Analysis: Latin America grows increasingly hooked on U.S. fuel imports

Two engineers with Mexico's state owned oil company, PEMEX (Petroleos de Mexico), watch work on an oil platform in the Sen oil field, in the swampy south eastern state of Tabasco September 20, 2000. · Reuters

By Marianna Parraga

HOUSTON (Reuters) - Despite its own vast oil reserves, Latin America has doubled its reliance on the United States for fuels like diesel and gasoline over the last five years to keep its economies humming - and the dependence is growing.

The culprit is an outdated refining network that has not been upgraded to add capacity as growth has surged across much of the region.

Though Latin American leaders spent much of the last decade opening markets in Asia and in some cases distancing themselves from Washington, the rising fuel imports show they still must tap the United States for crucial supplies.

Latin America's dependence on the United States for refined fuels is growing at the same time that U.S. reliance on foreign oil falls thanks to an unprecedented boom in domestic production and falling fuel demand.
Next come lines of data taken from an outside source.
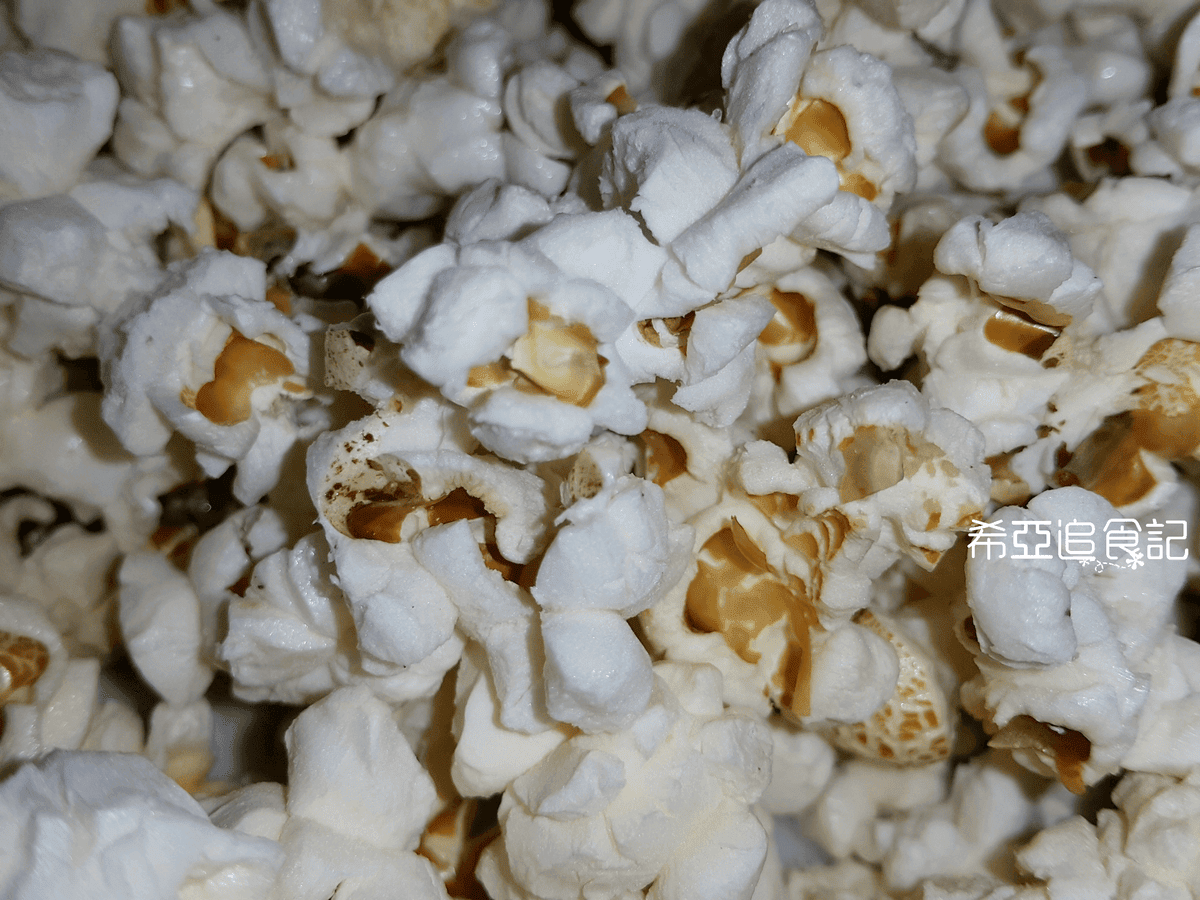 【零嘴解饞】爆榖文化 の 整支帶梗微波爆米花食品(迷迭香口味) ➽ 超驚喜的爆米花 生平第一次看到 – 全素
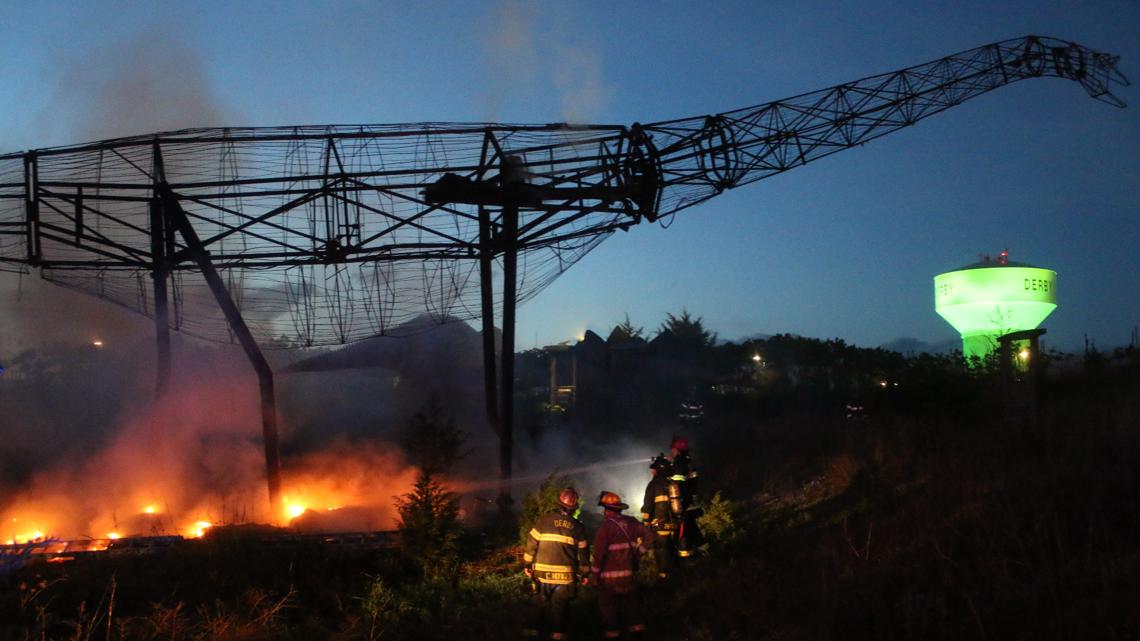 Lightning strikes giant dinosaur animatronic in Kansas, leaves only skeleton behind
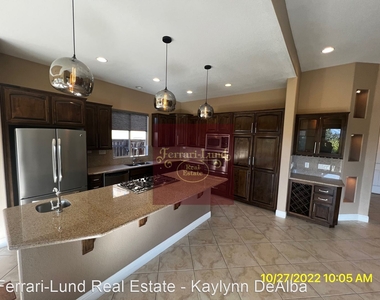 8788 Lynrock Cir - Photo Thumbnail 5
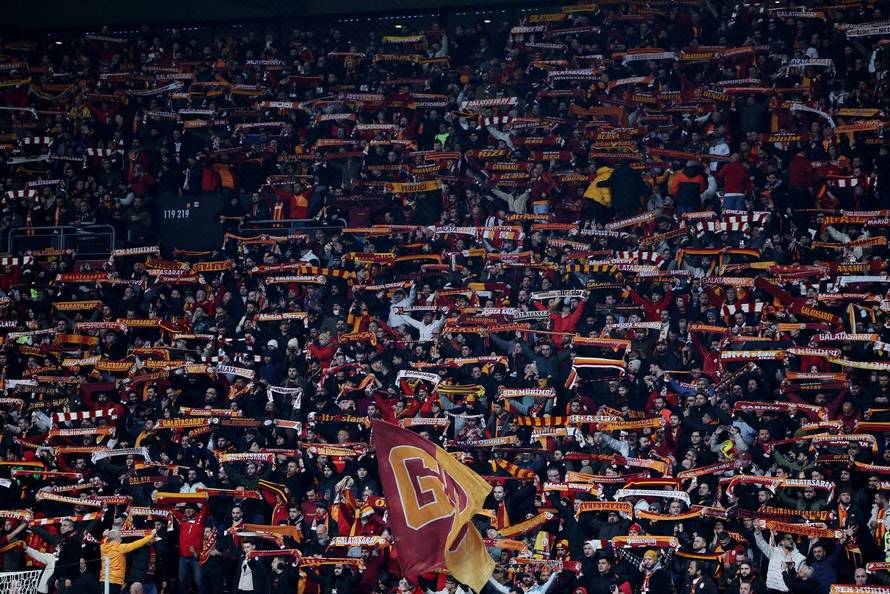 Super Lig - Galatasaray v Fenerbahce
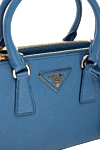 Prada Сумка зі шкіри блакитна жіноча - позолочена металева фурнітура, фактурна поверхня, нашитий логотип. блискавка. 100% натуральна шкіра. Країна виробник: Италия. Догляд: спеціалізоване чищення - фото 7
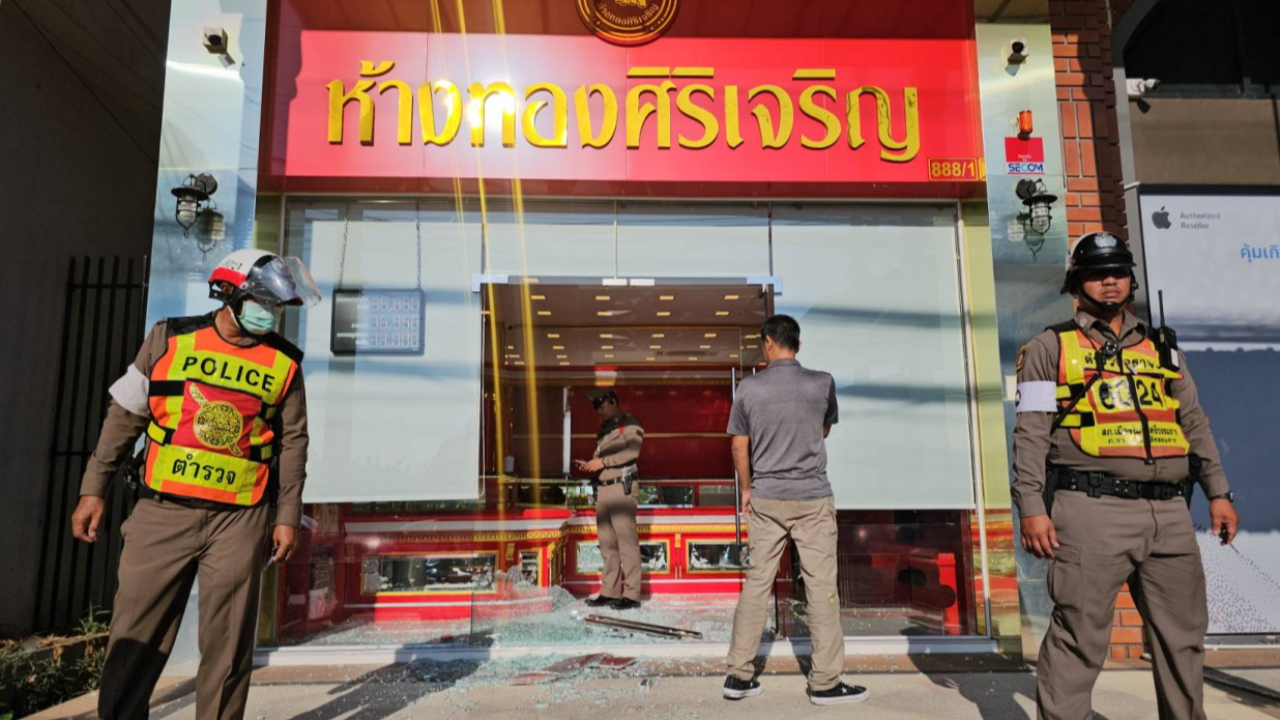 ร้อนจัด กระจกร้านทองแตก พนักงานขายผวา รีบหอบทองเข้าตู้เซฟ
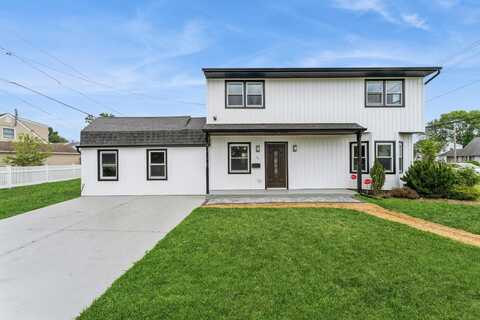 49 Griddle Lane, Levittown, NY 11756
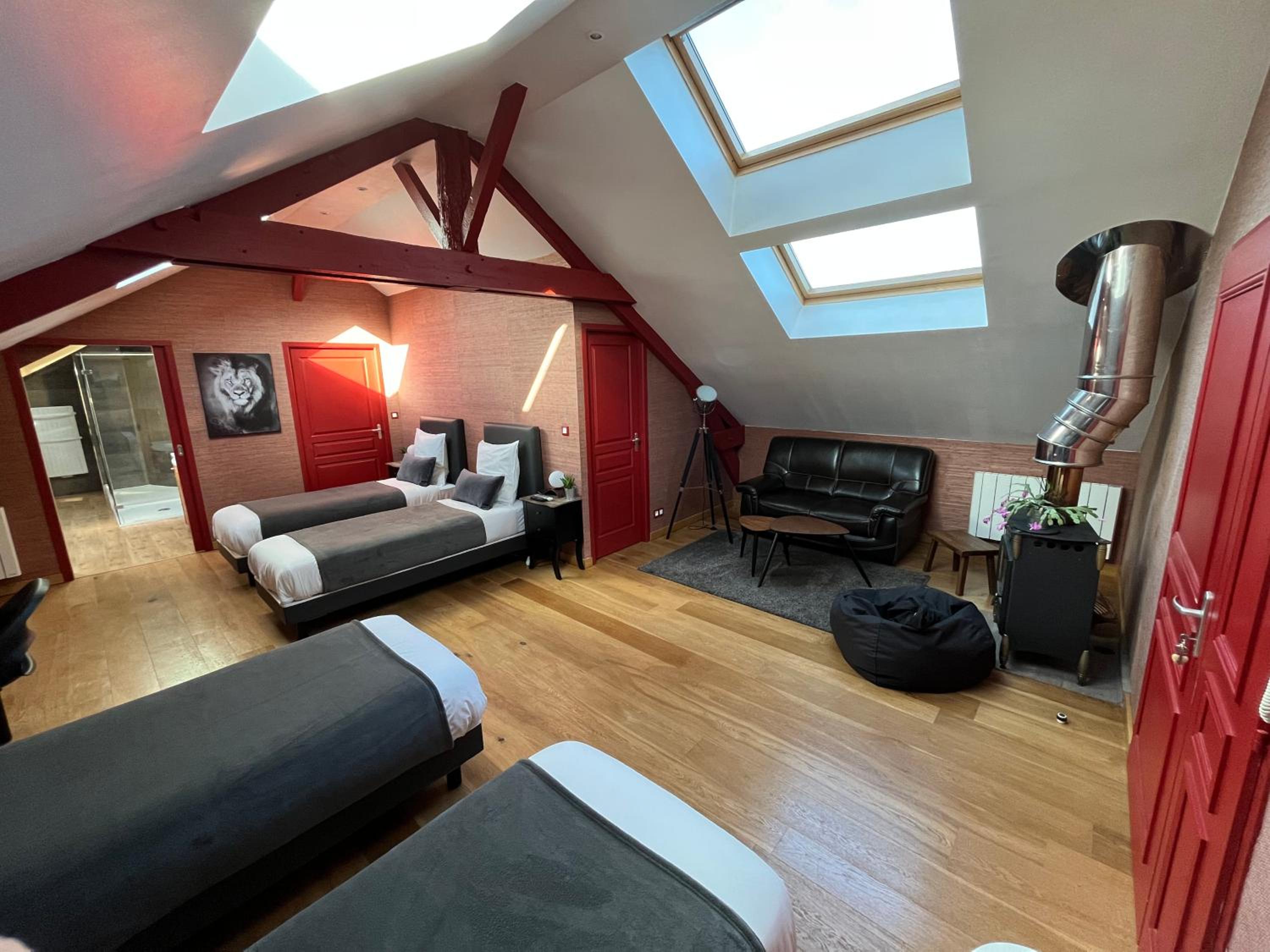 Premium Quadruple Room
While Latin American countries have planned to build some new refineries, they are a long way from coming to fruition.

The 12 Latin American countries that are the biggest importers of U.S. fuels have bought an average of 1.36 million barrels per day in 2013, twice as much as 657,000 bpd in 2008, according to the Energy Information Administration (EIA).

At the same time, crude shipments from Latin America's top producers - Mexico, Venezuela, Ecuador, Brazil, Argentina, Peru and Guatemala - to the United States have fallen 18.6 percent since 2008 to 2.4 million bpd. Only Colombia has posted significant gains.

The fuel import bill for the 12 countries was about $65 billion in 2012 at spot prices, eating up about 6 percent of their export receipts, according to data from central banks. That was up from 3.4 percent in 2008.

The uptick was primarily caused by booming demand for fuel - from new electrical generation plants that burn diesel to new car sales in some countries that grew at double-digit annual clips. Imports are expected to rise even more.

"Most of the planned new refineries in Latin America have not even finished the detailed engineering design," said Ramon Espinasa, leading oil and gas specialist for the Inter American Development Bank. "A regional recession is not expected in the short term, so a projected 20-25 percent rise in fuel demand must be fully met with imports."

Latin American fuel demand is expected to reach 9 million to 10 million bpd by 2020 after rising 2 to 2.2 percent a year for the next seven years, according to the International Energy Agency, the Organization of the Petroleum Exporting Countries (OPEC) and the EIA. The region's demand growth would be the world's fastest after Asia and the Middle East.